• **Crawled caption data**:

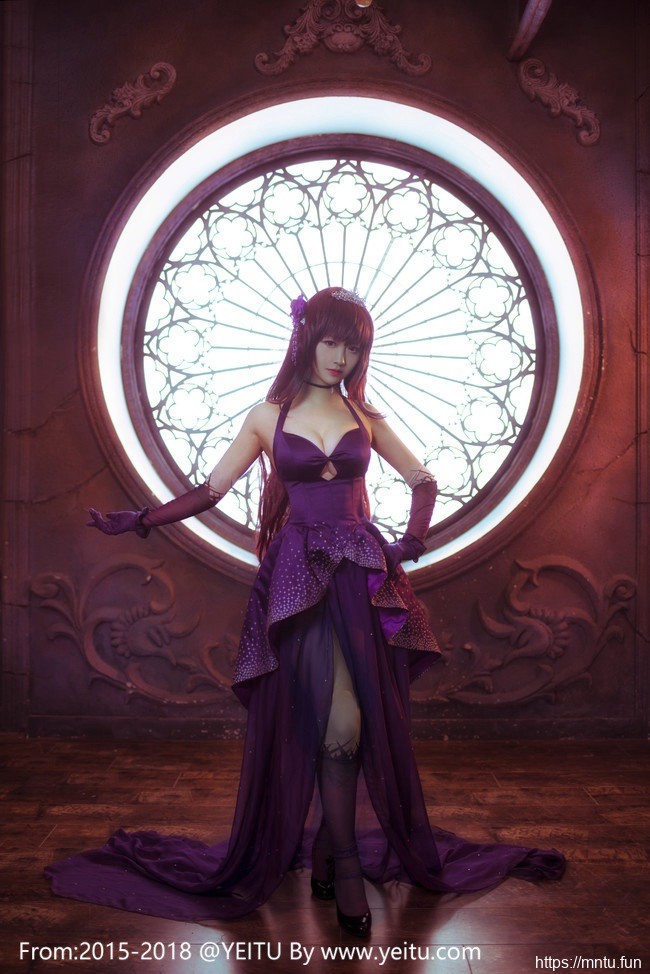 二次元COSer汐颜玲扮演Fate-Grand-Order师匠斯卡哈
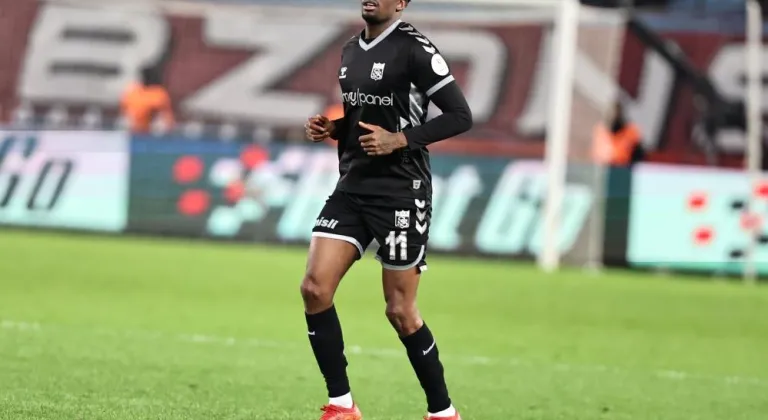 Sivasspor’da Menig ile yollar ayrıldı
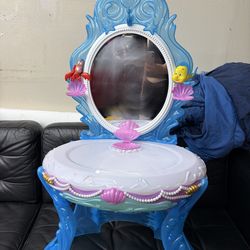 LITTLE MERMAID VANITY
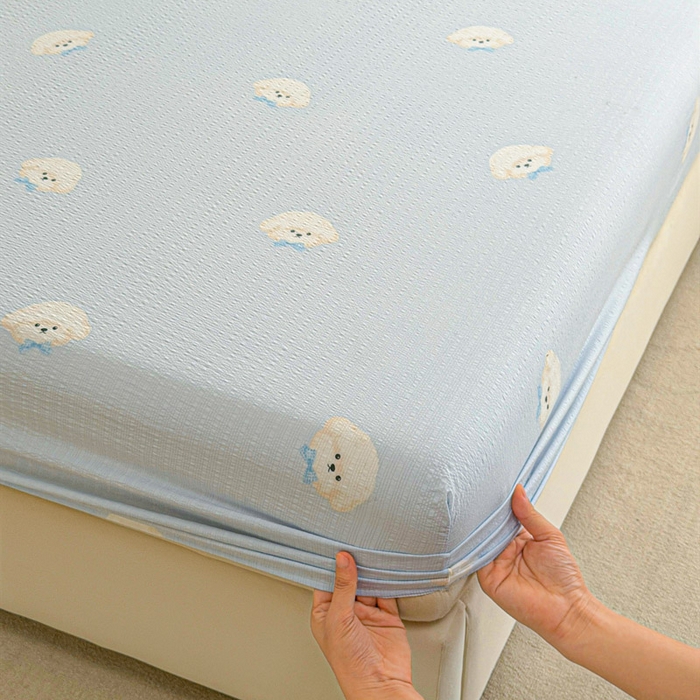 91家纺网 家纺一手货源 找家纺 贝扬思家纺 2026新款高克重泡芙纱印花款单床笠床笠单件-浅糯 CL浅糯-蓝领结狗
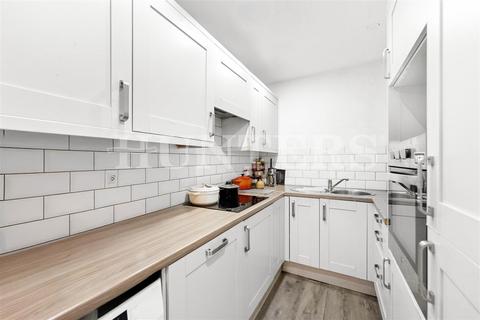 3 bedroom terraced house for sale, Morland Place, London, N15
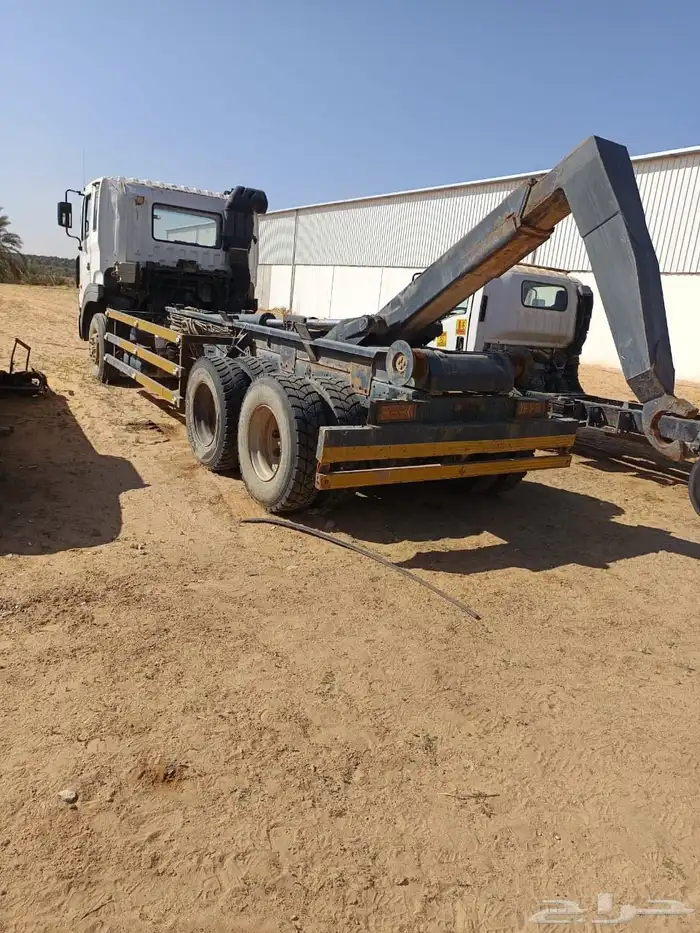 للبيع شاحنه هونداي هافن مع حاويات 3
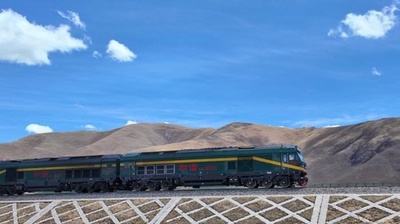 【三里河中国経済観察】青蔵鉄道開通20年　「天路」がもたらした高原の変貌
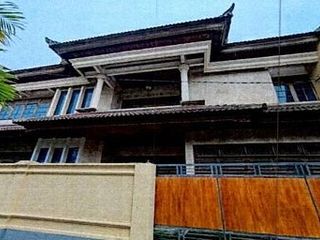 DIJUAL TANAH & BANGUNAN 300 M² DI PEMECUTAN, DENPASAR BARAT – KOTA DENPASAR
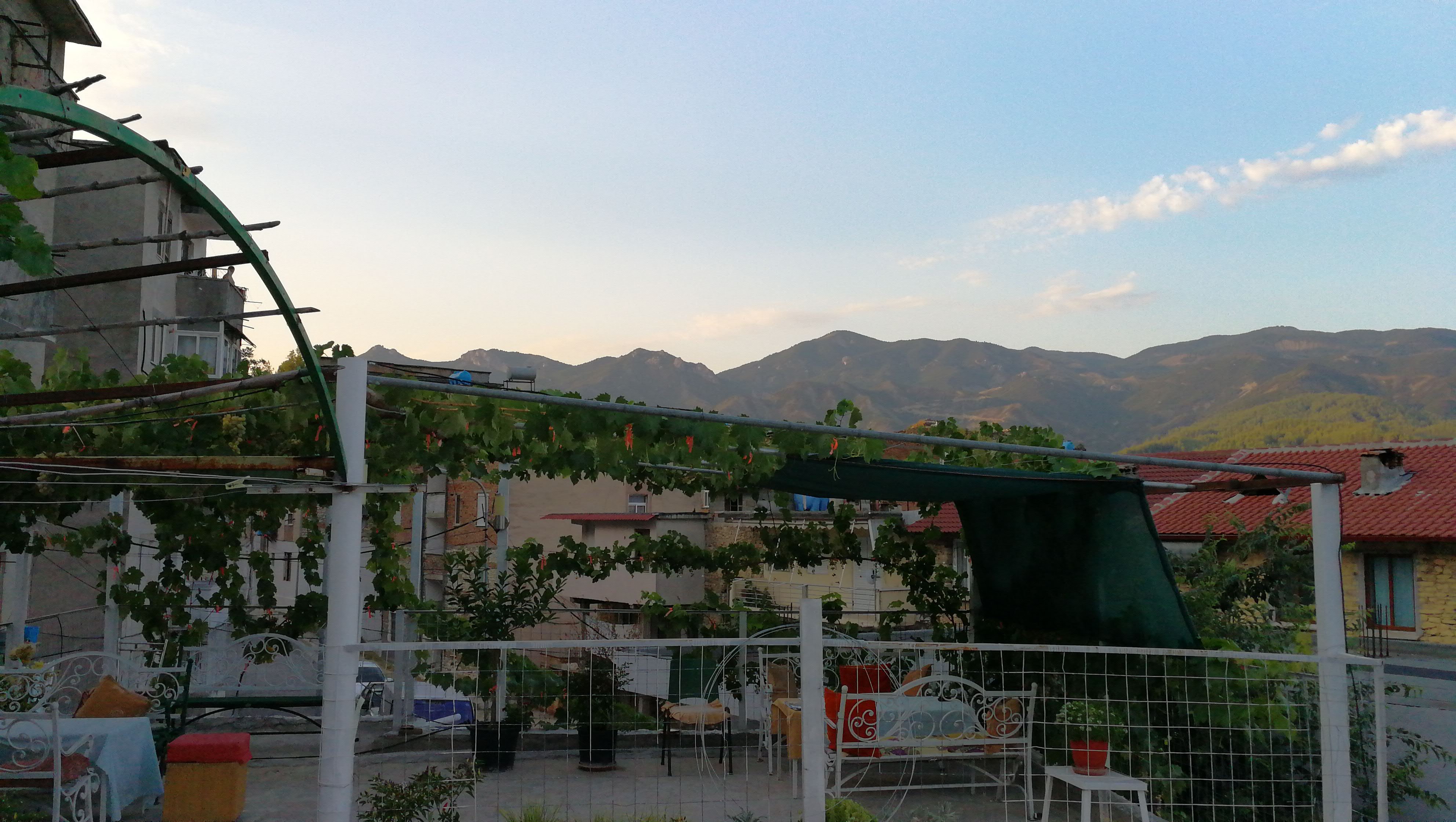 Ilir Guest House 1-官方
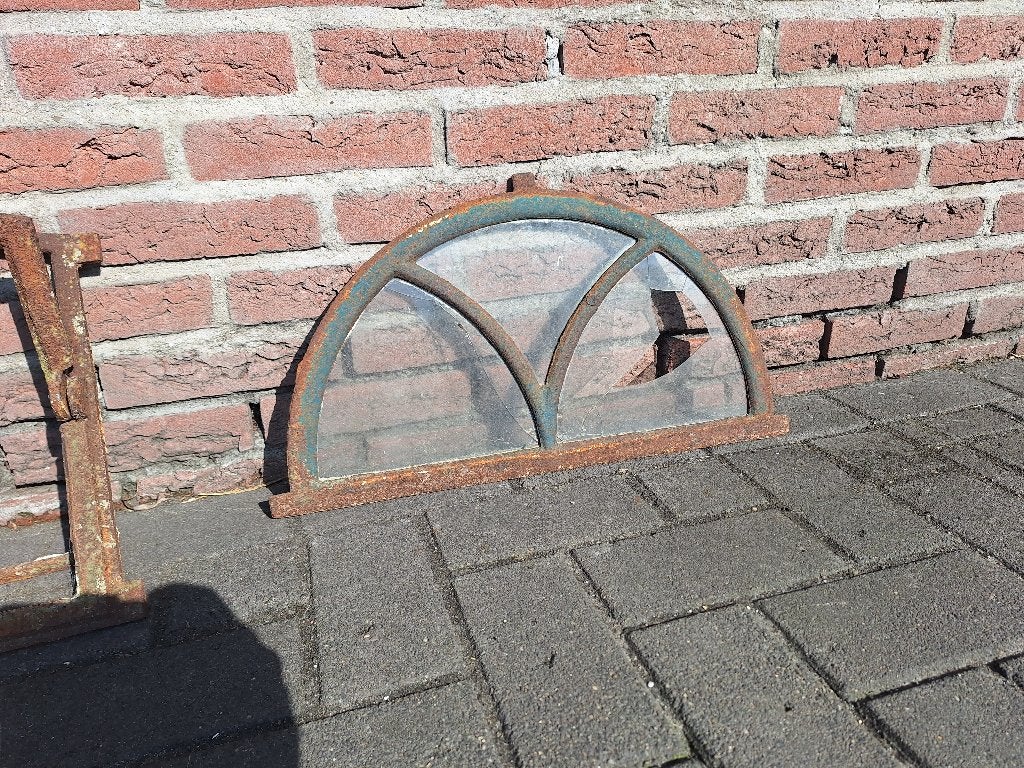 gietijzeren stalraampje uit 1924 brocante, Ophalen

• **YOUR GOAL**: Please set the data above down exactly, with the pictures removed.

• **WRITTEN RESPONSE**:
 二次元COSer汐颜玲扮演Fate-Grand-Order师匠斯卡哈
 Sivasspor’da Menig ile yollar ayrıldı
 LITTLE MERMAID VANITY
 91家纺网 家纺一手货源 找家纺 贝扬思家纺 2026新款高克重泡芙纱印花款单床笠床笠单件-浅糯 CL浅糯-蓝领结狗
 3 bedroom terraced house for sale, Morland Place, London, N15
 للبيع شاحنه هونداي هافن مع حاويات 3
 【三里河中国経済観察】青蔵鉄道開通20年　「天路」がもたらした高原の変貌
 DIJUAL TANAH & BANGUNAN 300 M² DI PEMECUTAN, DENPASAR BARAT – KOTA DENPASAR
 Ilir Guest House 1-官方
 gietijzeren stalraampje uit 1924 brocante, Ophalen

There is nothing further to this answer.